RFR: 8365205: C2: Optimize popcount value computation using knownbits [v3]
Emanuel Peter
epeter at openjdk.org
Tue Sep 9 11:51:00 UTC 2025
On Fri, 5 Sep 2025 17:17:52 GMT, Jatin Bhateja <jbhateja at openjdk.org> wrote:
>> This patch optimizes PopCount value transforms using KnownBits information.
>> Following are the results of the micro-benchmark included with the patch
>>
>>
>>
>> System: 13th Gen Intel(R) Core(TM) i3-1315U
>>
>> Baseline:
>> Benchmark Mode Cnt Score Error Units
>> PopCountValueTransform.LogicFoldingKerenLong thrpt 2 215460.670 ops/s
>> PopCountValueTransform.LogicFoldingKerenlInt thrpt 2 294014.826 ops/s
>> PopCountValueTransform.StockKernelInt thrpt 2 409295.875 ops/s
>> PopCountValueTransform.StockKernelLong thrpt 2 368025.608 ops/s
>>
>> Withopt:
>> Benchmark Mode Cnt Score Error Units
>> PopCountValueTransform.LogicFoldingKerenLong thrpt 2 389978.082 ops/s
>> PopCountValueTransform.LogicFoldingKerenlInt thrpt 2 417261.583 ops/s
>> PopCountValueTransform.StockKernelInt thrpt 2 418649.269 ops/s
>> PopCountValueTransform.StockKernelLong thrpt 2 381330.221 ops/s
>>
>>
>> Kindly review and share your feedback.
>>
>> Best Regards,
>> Jatin
>
> Jatin Bhateja has updated the pull request incrementally with one additional commit since the last revision:
>
> Update countbitsnode.cpp
Very nice improvement @jatin-bhateja , thanks for working on it :)

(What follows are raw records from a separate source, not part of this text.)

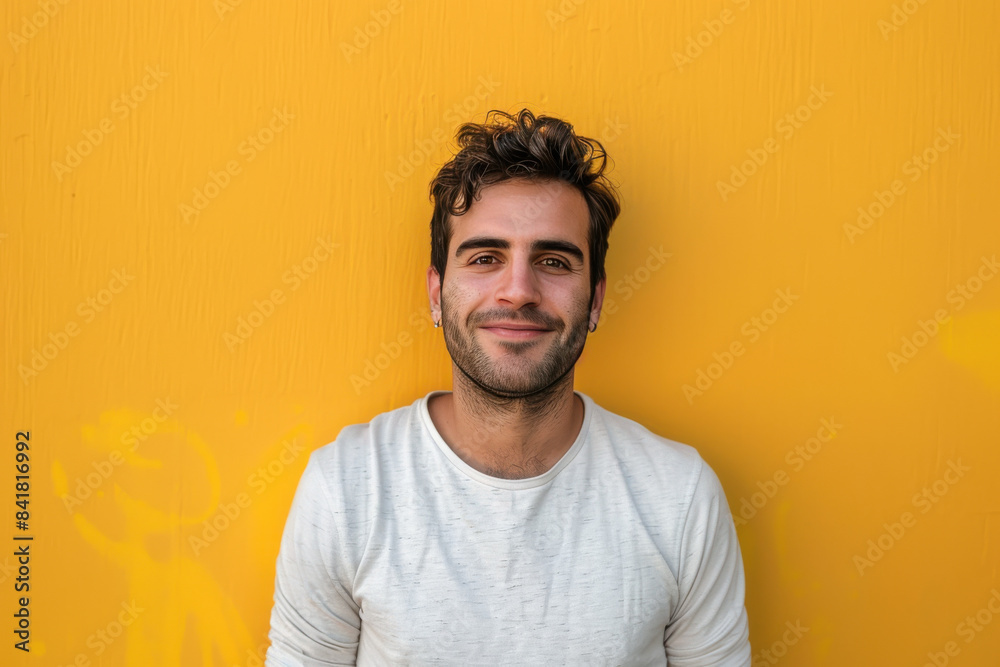 A close up portrait of a young man with a subtle smile A close up portrait of a young man with a subtle smile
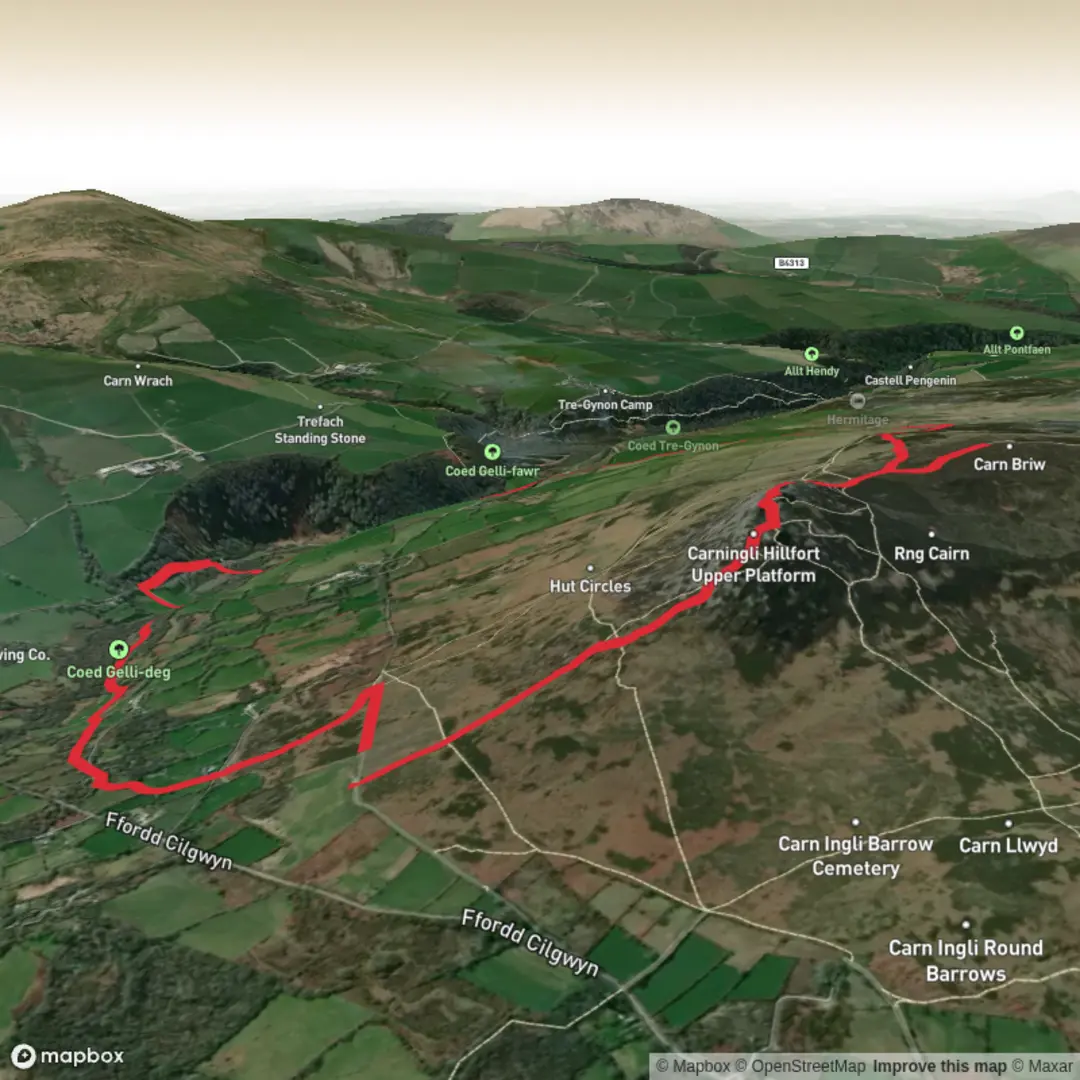 An image depicting the trail Mynydd Carningly Circuit and its surrounding area.
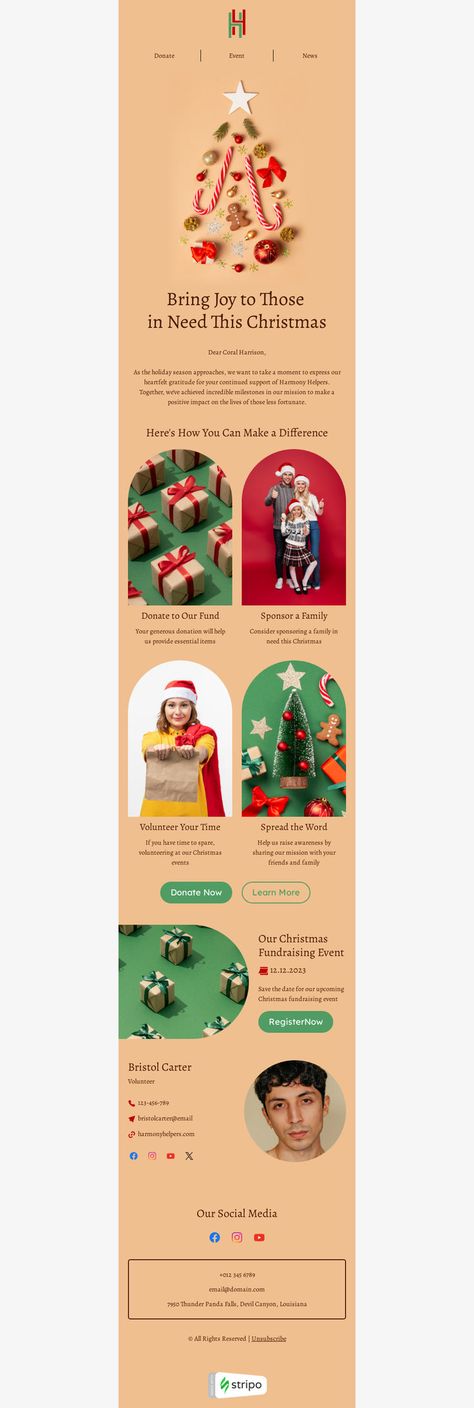 Christmas email template "Bring joy" for nonprofit industry. Create professional, responsive emails fast with no coding skills. Follow us on Pinterest for more inspiration and tips. 🤗 #christmas #newyear #stripoemail #emailnewsletter #emailtemplatedesign #emaildesigninspiration #emailmarketingdesign Christmas Email Design, Christmas Email, Christmas Newsletter, Nonprofit Marketing, Holiday Emails, Email Blast, Email Template Design, Responsive Email, Holiday Campaign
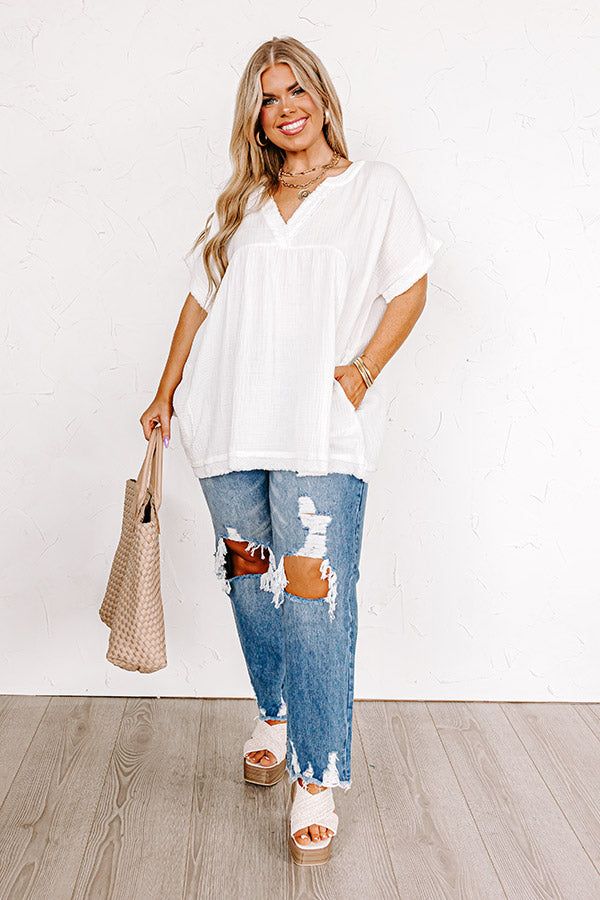 Beyond Lovely Shift Top In White Curves sold by Impressions product image thumbnail 2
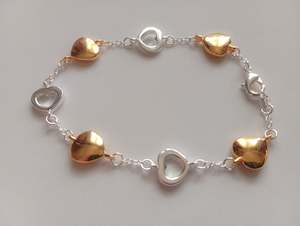 Bracelet: Gold & Silver Plated Bracelet (20cm)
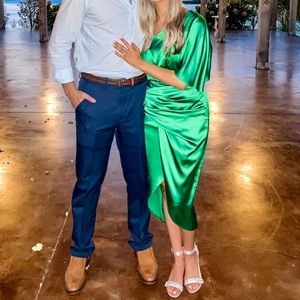 One shoulder silk Midi Dress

src/hotspot/share/opto/countbitsnode.cpp line 125:
> 123: range is computed using the following formulas:-
> 124: - _hi = ~ZEROS
> 125: - _lo = ONES
Is there going to be some other Lemma here, that gives rise to the numbering? I'd just remove the numbering.
src/hotspot/share/opto/countbitsnode.cpp line 128:
> 126: Proof:-
> 127: - KnownBits.ZEROS and KnownBits.ONES are inferred out of the common prefix of the value range
> 128: delimiting bounds.
It could come from the range. But it could also come from individual bits being and-ed or or-ed to 1 or 0. I'll give an alternative suggestion below.

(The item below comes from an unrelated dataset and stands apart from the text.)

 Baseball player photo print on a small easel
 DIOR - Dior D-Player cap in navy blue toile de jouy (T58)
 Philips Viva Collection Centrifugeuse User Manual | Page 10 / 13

src/hotspot/share/opto/countbitsnode.cpp line 145:
> 143: B) Now, transform the computed knownbits back to the value range.

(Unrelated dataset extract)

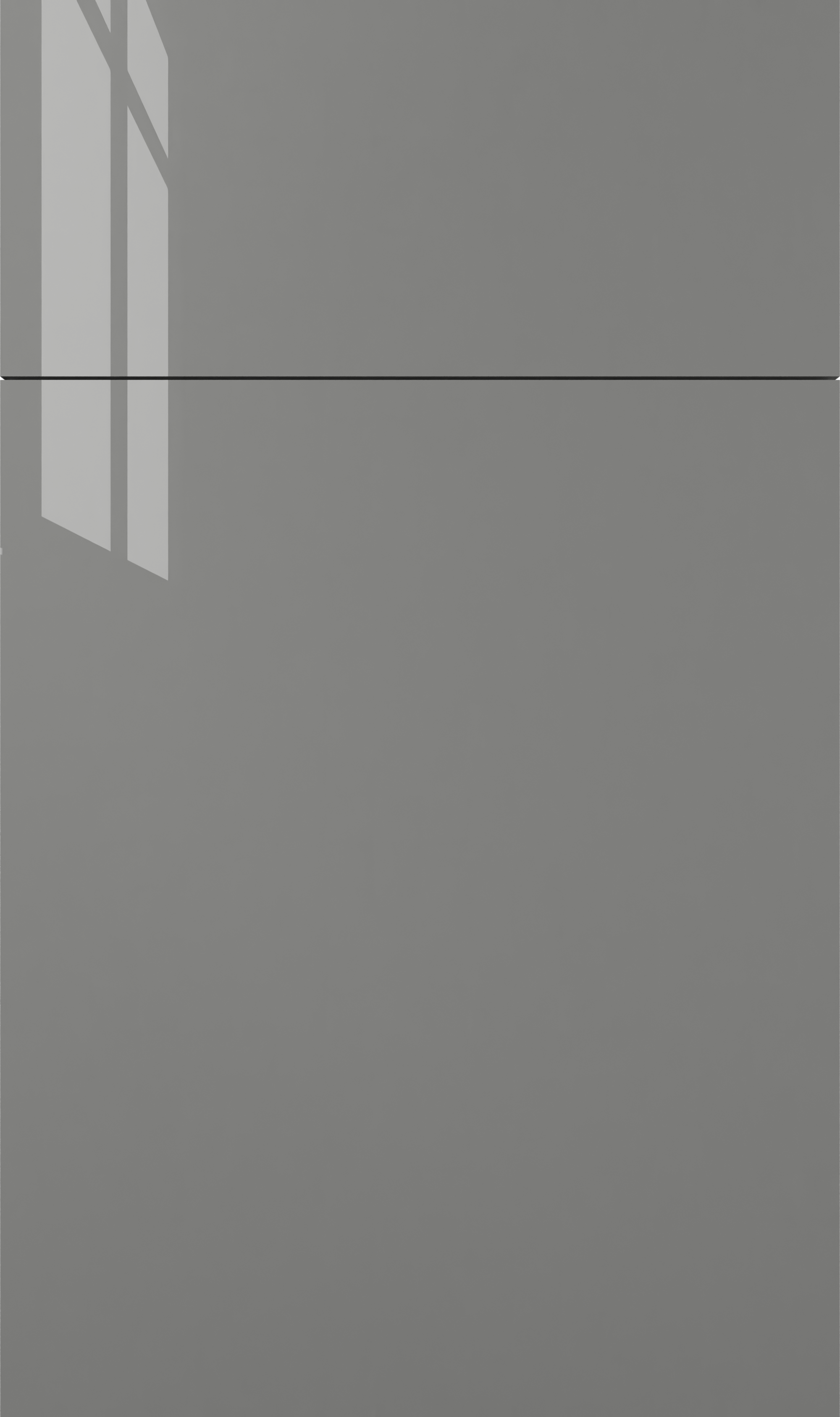 Illume Catalina Grigio Gloss slab-style cabinet door in smoky gloss grey with minimalist design.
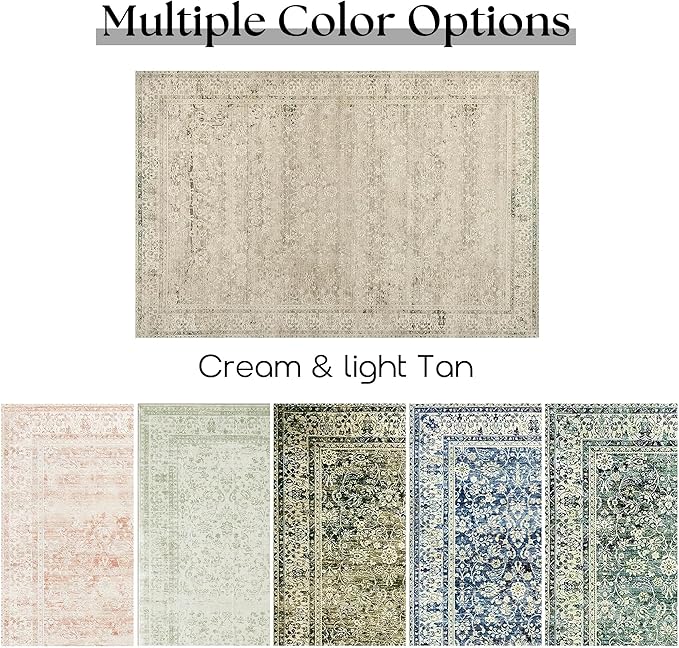 Cream and Light Tan Boho Front Door Mat for Indoor Entrance Washable Non Slip Cute Vintage Floral Aesthetic Area Rugs for Entryway Entry 4x6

> 144: _new_lo = _known_bits.ones = 0b11000100
> 145: _new_hi = ~known_bits.zeros = 0b11000111
This kinda duplicates all the descriptions that we have in KnownBits. I would drop it. Or maybe just refer to something over there.
src/hotspot/share/opto/countbitsnode.cpp line 149:
> 147: - We now know that ~KnownBits.ZEROS >= UB >= LB >= KnownBits.ONES
> 148: - Therefore, popcount(ONES) and popcount(~ZEROS) can safely be assumed as the upper and lower
> 149: bounds of the result value range.
I don't quite see how that follows from the proof. And I'm also worried about the correctness.
You are using the signed `_lo` and `_hi`. But the zeros and ones are unsigned. So it is a bit unclear what your comparisons prove here - you should probably cast one to signed or the other to unsigned to make things explicit.
One crucial step here is also the linearity assumption of `popcount`. You'd need to show or at least assert that:
~KnownBits.ZEROS >= UB >= t >= LB >= KnownBits.ONES
implies
popcount(~KnownBits.ZEROS) >= popcount(UB) >= popcount(t) >= popcount(LB) >= popcount(KnownBits.ONES)
It all sounds a bit complicated, and I think I would prefer something along the lines of what @SirYwell suggested.
src/hotspot/share/opto/countbitsnode.cpp line 150:
> 148: - Therefore, popcount(ONES) and popcount(~ZEROS) can safely be assumed as the upper and lower
> 149: bounds of the result value range.
> 150: */
Suggestion:
// We use the KnownBits information from the integer types to derive how many one bits
// we have at least and at most.
// From the definition of KnownBits, we know:
// zeros: Indicates which bits must be 0: ones[i] =1 -> t[i]=0
// ones: Indicates which bits must be 1: zeros[i]=1 -> t[i]=1
//
// From this, we derive:
// numer_of_zeros_in_t >= pop_count(zeros)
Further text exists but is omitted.